The knowledgeable Frau Haberland, with a superb command of English, gave me fascinating snippets about the city once at the top. Seeing the church’s structures and the vaulting up close made the climb a worthwhile venture, even though I did feel slightly nervous at times. At the end, I parted ways with Frau Herbland, who was about to embark on an underworld tour, exploring the city's water tunnels.
The Market place
The Market Place Fountain
I descended with enough time for the short walk back to the Market Square to catch the Männieinlaufen glockenspiel chime at noon. The carillon in the town hall tower recreates two events from Munich's history: Firstly, it recreates the wedding of Duke William V and Renate of Lorraine in February 1568. A knight's tournament honouring the bride and groom took place on Marienplatz. The Bavarian knight triumphed over his opponent from Lorraine.
The Schäffler dance is performed on the lower floor. After a serious plague epidemic, the barrel makers were said to have been the first to venture out onto the streets and cheer up the population frightened by the plague by dancing.

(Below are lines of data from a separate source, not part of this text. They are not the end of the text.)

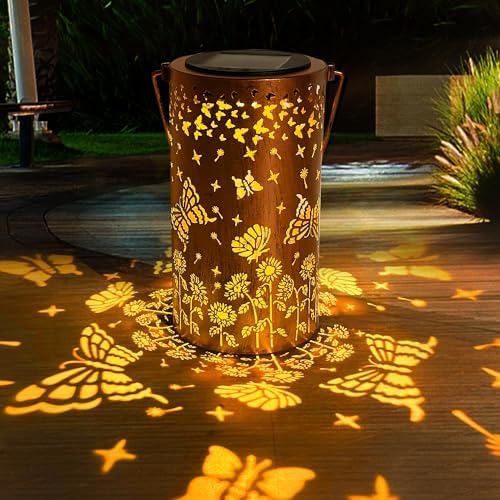 ANYTALK Butterfly Solar Lanterns Outdoor Waterproof, Birthday Gifts for Women Mom Grandma, Hanging Solar Lights for Yard, Patio, Porch, Garden Decor, Christmas Gifts for Her/Him by ANYTALK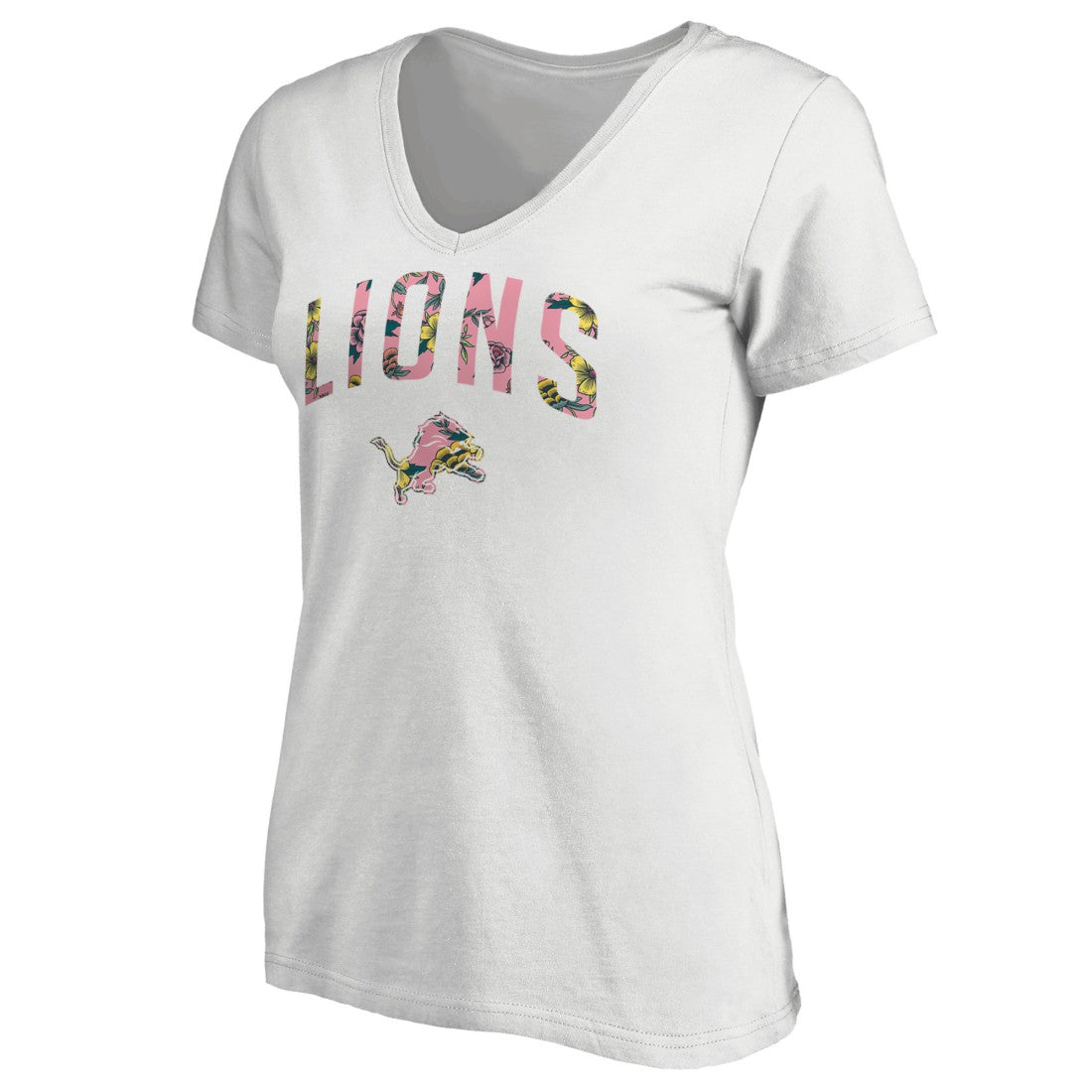 Detroit Lions Women's Floral Arch T-Shirt - White - NFL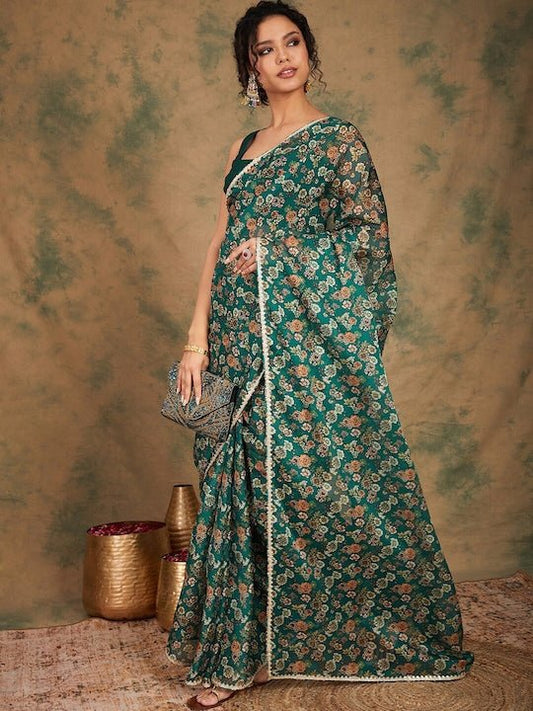 Green Floral Printed Organza Saree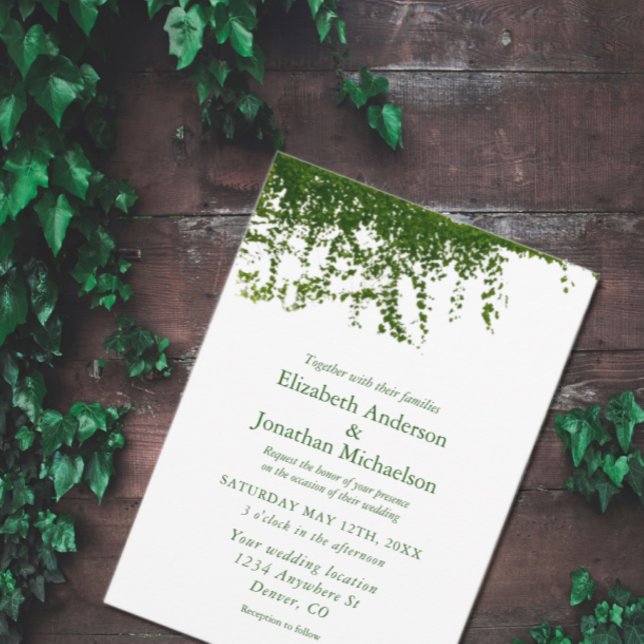 Convite Hanging Ivy Greenery Wedding (Criador carregado)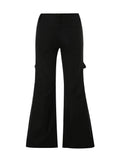 Pbong  Women Chain Cargo Pants Dark Academia Hip Hop Punk Gothic Trousers High Waist Straight Long Pants Streetwear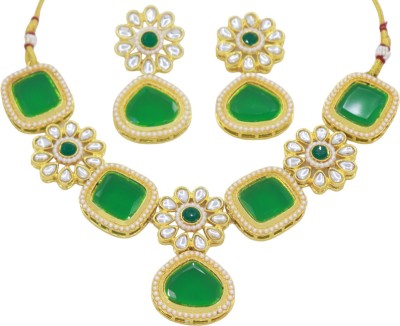 ISMI CREATIONS Alloy Gold-plated Green Jewellery Set(Pack of 1)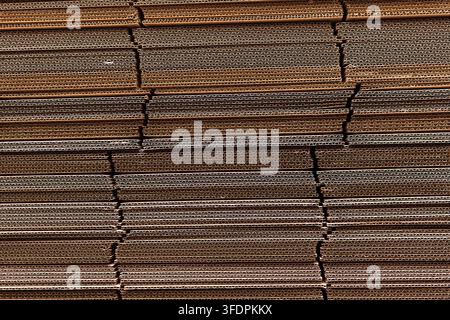 Gestapelte Wellplatten-Textur-Hintergrund Stockfoto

Café Bar Wanderer und Bieramt am Tiergärtnertor,
Then I turned the ring on the beautiful fountain and made a wish before my final trip to watch dusk approach and soak up the atmosphere outside Café Bar Wanderer und Bieramt am Tiergärtnertor, mingling and chatting with the locals and visitors over a local beer.
I wish I had known that I needed more time, or that there were plenty of fine dining eateries to try. I was unable to sample the Michelin-starred restaurant due to time constraints. However, with a city as beautiful as Nuremberg and so easily accessible from the UK, I might consider visiting for the Christmas Markets, which are among the oldest and undoubtedly the most famous in Germany.
I stayed at the Sorat Hotel Saxx, conveniently located in the old town and the perfect starting point for exploring Nuremberg. The front-of-house team was efficient and friendly.
I also used the NurenbergCard+Furth, which entitles me to a single visit to all museums and sights, as well as free local travel.
It was simple to get from the airport; I chose to take the subway, which took only 12 minutes from the city, and a cab, which took only 10 minutes back to the airport, owing to the early flight.